Short text fragments from websites
########

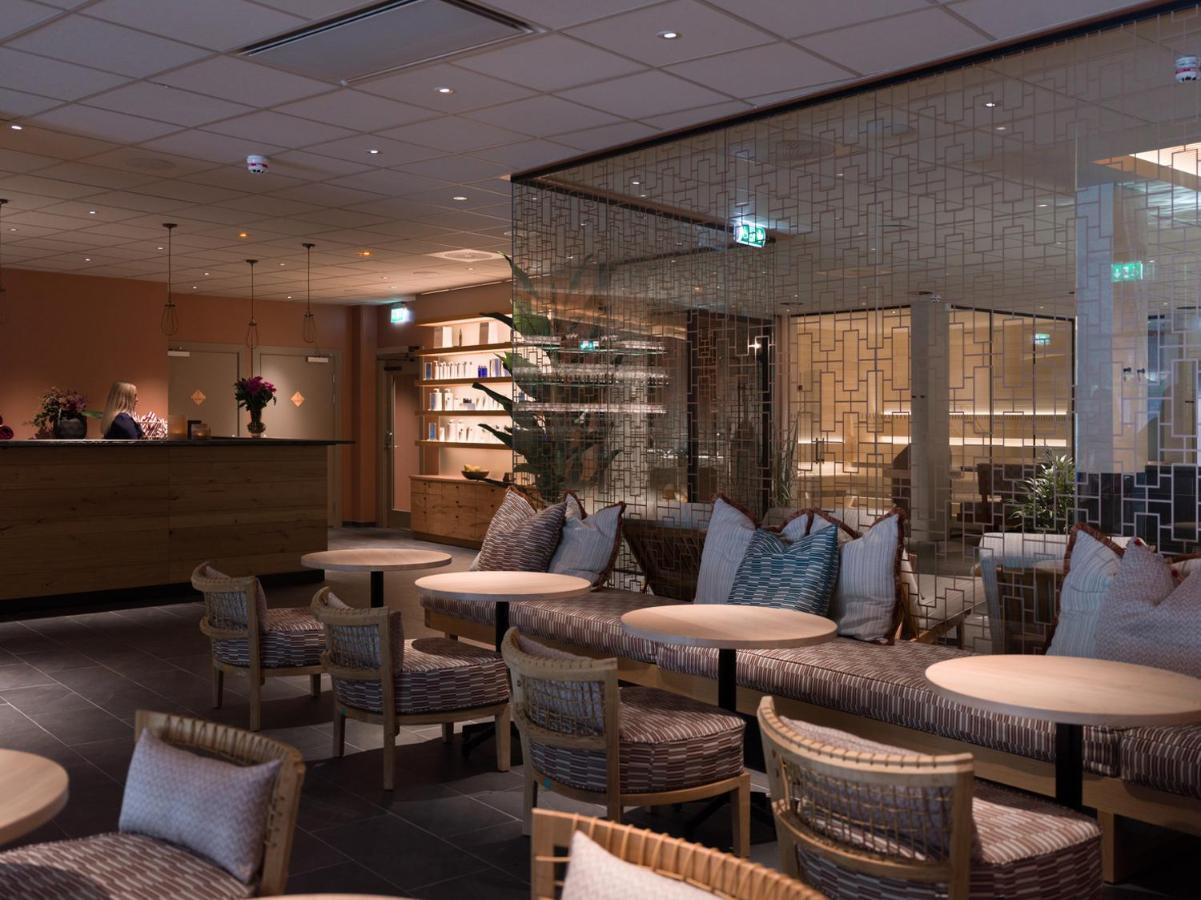 Elite Hotel Brage บอร์เลงเงอ ภายนอก รูปภาพ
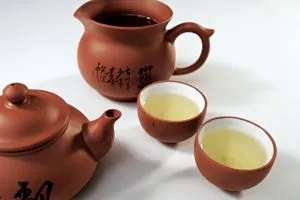Зелений чай для схуднення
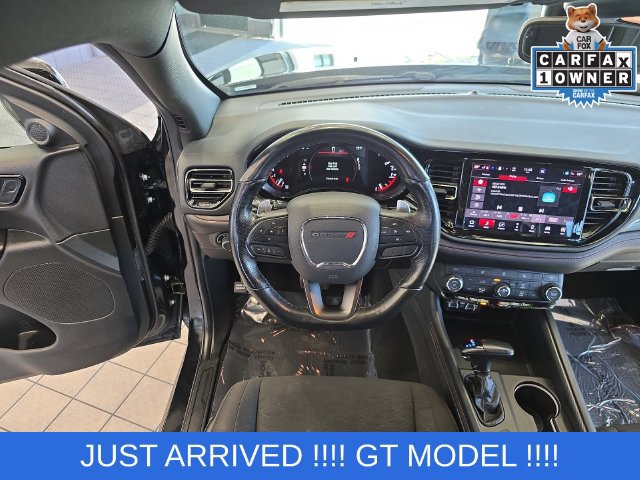 Used 2025 Dodge Durango GT AWD/4WD image 16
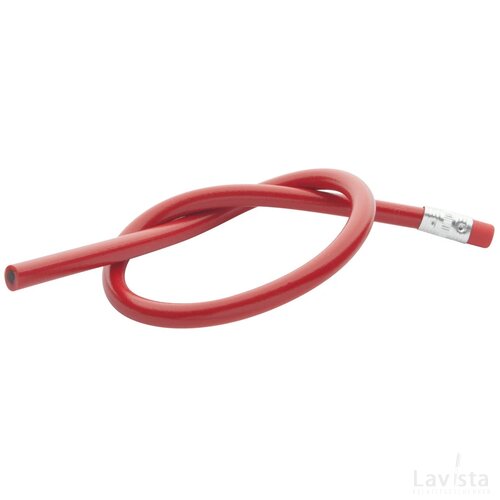 Flexibel Potlood Rood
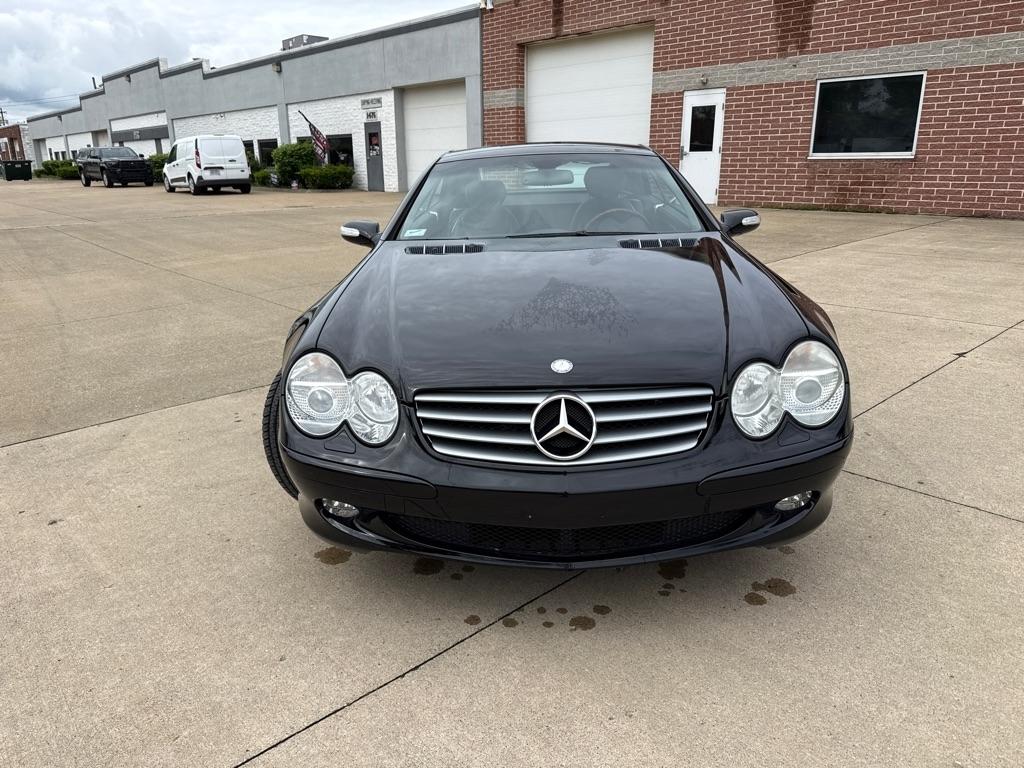Mercedes-Benz SL-Class SL500 2004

########

Every line from the line containing "Flexibel Potlood Rood" through the last line above is to be printed exactly. Pictures are not copied.

 Flexibel Potlood Rood
Mercedes-Benz SL-Class SL500 2004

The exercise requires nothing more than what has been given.